Road pushovers? Apparently not these Astros

KANSAS CITY, Mo. -- The Houston Astros are athletically gifted, superb in the field and stacked with power bats. And judging from their horrific regular-season record away from Minute Maid Park, they're really bad when they're living out of suitcases and sleeping in hotel beds.

Think Steve Martin and John Candy in "Planes, Trains and Automobiles"-caliber bad.

The Astros' 33-48 road record this season was the second worst since 1900 for a postseason qualifier (surpassed by only the Minnesota Twins' 29-52 record in 1987). But they appear to be warming to the traveling life at the optimal time.

After winning four of the final six regular-season games at Seattle and Arizona to clinch a wild-card berth, the Astros walked into the Bronx and beat the New York Yankees 3-0 on Tuesday to advance to the division series. They had barely put the champagne goggles back in storage when an even more daunting challenge awaited: Fly to Kansas City and take on the defending American League pennant winners, who posted a league-best 95-67 record this season and were aching to get over last year's World Series heartbreak against the San Francisco Giants.

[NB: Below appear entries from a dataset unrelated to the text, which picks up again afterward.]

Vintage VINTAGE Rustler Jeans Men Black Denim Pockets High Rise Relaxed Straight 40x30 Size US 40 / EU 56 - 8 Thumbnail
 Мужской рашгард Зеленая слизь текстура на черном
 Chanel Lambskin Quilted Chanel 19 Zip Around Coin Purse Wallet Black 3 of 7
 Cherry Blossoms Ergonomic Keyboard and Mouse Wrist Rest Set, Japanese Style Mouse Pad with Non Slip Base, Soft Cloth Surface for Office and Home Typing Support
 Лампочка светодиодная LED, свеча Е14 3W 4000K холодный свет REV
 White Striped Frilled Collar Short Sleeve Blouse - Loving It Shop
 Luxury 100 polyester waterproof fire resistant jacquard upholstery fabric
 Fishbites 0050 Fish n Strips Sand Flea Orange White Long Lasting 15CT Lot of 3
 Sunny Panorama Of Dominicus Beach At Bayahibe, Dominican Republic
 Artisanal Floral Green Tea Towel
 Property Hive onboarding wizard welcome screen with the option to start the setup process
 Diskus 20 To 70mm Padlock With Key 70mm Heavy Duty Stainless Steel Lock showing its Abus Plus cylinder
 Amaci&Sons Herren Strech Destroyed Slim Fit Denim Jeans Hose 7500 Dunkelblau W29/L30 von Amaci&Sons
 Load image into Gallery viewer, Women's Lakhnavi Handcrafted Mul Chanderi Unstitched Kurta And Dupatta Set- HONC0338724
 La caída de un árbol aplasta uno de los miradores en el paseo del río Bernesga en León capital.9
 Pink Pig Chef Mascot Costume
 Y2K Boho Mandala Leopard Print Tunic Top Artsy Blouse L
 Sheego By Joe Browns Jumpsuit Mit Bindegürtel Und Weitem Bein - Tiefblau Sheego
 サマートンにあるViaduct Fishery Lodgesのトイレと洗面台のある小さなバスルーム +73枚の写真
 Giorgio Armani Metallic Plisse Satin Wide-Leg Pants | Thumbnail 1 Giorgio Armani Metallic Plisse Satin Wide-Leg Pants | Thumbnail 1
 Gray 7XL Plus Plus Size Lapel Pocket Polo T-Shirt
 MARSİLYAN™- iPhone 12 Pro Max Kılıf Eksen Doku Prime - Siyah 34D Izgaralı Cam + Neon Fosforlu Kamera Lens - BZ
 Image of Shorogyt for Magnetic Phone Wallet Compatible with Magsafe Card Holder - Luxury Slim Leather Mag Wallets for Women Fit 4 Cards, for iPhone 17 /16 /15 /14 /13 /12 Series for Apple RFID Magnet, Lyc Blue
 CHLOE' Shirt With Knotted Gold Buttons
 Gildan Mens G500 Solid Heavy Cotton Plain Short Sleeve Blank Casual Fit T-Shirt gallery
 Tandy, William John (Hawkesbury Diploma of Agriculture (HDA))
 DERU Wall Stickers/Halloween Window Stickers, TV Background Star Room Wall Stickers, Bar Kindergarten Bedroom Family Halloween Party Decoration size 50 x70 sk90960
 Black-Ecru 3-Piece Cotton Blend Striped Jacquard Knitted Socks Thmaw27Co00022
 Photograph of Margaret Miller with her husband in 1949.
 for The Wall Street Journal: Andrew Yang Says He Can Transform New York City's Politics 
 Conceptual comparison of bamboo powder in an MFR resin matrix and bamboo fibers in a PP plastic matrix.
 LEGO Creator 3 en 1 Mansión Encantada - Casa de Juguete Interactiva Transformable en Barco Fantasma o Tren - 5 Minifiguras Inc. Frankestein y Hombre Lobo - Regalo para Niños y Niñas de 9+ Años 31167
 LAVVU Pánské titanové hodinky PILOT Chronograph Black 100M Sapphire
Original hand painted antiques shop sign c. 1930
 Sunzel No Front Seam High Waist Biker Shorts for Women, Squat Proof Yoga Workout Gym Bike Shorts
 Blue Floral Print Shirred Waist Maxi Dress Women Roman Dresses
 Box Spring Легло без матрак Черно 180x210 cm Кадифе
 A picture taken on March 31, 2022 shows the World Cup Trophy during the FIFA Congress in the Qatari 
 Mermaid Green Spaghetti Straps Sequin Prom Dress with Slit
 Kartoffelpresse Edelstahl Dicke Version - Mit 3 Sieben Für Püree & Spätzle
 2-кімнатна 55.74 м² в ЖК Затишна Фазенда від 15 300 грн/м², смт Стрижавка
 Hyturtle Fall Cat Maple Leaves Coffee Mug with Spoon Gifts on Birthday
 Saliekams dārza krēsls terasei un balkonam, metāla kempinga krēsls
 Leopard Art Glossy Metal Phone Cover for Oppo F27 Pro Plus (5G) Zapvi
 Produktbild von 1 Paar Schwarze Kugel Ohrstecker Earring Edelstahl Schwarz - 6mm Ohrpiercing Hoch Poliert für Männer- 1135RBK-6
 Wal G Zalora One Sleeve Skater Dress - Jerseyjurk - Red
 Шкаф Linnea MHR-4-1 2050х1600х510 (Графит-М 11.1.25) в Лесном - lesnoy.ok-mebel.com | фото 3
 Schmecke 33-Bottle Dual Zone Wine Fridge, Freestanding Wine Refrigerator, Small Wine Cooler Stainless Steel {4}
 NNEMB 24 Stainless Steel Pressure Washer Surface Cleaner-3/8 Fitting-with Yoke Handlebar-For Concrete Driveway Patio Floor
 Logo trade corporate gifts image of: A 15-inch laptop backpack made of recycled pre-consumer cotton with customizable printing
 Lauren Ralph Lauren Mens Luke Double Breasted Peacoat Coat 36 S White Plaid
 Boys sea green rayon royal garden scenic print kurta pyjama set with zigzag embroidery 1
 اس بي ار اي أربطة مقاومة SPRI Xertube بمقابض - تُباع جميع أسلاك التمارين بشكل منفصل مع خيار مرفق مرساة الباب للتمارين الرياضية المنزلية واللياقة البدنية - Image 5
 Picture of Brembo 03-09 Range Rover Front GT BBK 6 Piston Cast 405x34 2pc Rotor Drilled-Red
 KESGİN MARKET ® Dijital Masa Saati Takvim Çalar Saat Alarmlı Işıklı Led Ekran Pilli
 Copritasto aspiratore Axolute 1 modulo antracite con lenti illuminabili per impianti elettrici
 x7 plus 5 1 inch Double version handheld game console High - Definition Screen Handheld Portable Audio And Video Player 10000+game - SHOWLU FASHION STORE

Challenge accepted and passed -- for one night, at least. Houston starter Collin McHugh set the tone with six strong innings Thursday. The bullpen dealt, the defense shined, and George Springer and Colby Rasmus hit solo home runs to lead the Astros to a 5-2 victory and 1-0 American League Division Series lead.

It's been quite a voyage of discovery for the Astros, who are just naïve enough to go into hostile environments with an entire season on the line and think it's supposed to be fun.

"You've got to give credit to these guys," said Houston closer Luke Gregerson. "This is a young team. But they come out with a lot of intensity and a lot of enthusiasm, and they expect to win. That's a great feeling to have. If you expect to just keep it close and maybe pull it out at the end, it's not going to work. This team wants a little more than that."

A lot of teams come into Kauffman Stadium -- which features the biggest outfield expanse in the majors -- and feel disadvantaged because the Kansas City Royals have speed and play defense so aggressively and efficiently. But Houston led the league with 121 steals this season, and Springer, Rasmus, Jake Marisnick and Carlos Gomez are exceptional defenders who take it as a challenge to cover as much ground as possible and "play some pasture," as McHugh put it.

"We just like to have some fun out there," Springer said. "Guys try to see who can make the most plays and stuff like that. I mean, our park isn't small, either."

The Astros also are adept at hitting the ball over the fence regardless of the venue. On the way to slugging 230 regular-season homers -- second most in the majors to Toronto's 232 -- the Astros ranked third in road homers with a representative 102 away from Minute Maid.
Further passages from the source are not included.